This task calls for copying every line in the data below that contains the word "going".

Source records ::

....................

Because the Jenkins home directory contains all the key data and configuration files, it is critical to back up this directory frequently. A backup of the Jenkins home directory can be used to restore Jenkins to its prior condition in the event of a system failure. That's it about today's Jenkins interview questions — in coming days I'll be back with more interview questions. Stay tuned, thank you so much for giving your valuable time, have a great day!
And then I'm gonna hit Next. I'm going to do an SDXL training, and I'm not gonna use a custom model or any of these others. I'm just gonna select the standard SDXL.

....................

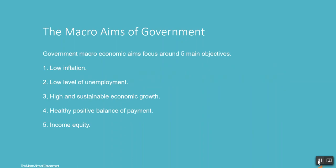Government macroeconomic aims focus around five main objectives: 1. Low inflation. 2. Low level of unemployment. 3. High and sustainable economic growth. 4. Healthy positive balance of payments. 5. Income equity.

....................

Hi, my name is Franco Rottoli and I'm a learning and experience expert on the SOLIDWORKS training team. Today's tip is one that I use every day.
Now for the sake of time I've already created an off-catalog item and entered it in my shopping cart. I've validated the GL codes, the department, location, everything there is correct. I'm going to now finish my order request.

....................

Result of this exercise ::
And then I'm gonna hit Next. I'm going to do an SDXL training, and I'm not gonna use a custom model or any of these others. I'm just gonna select the standard SDXL.
Now for the sake of time I've already created an off-catalog item and entered it in my shopping cart. I've validated the GL codes, the department, location, everything there is correct. I'm going to now finish my order request.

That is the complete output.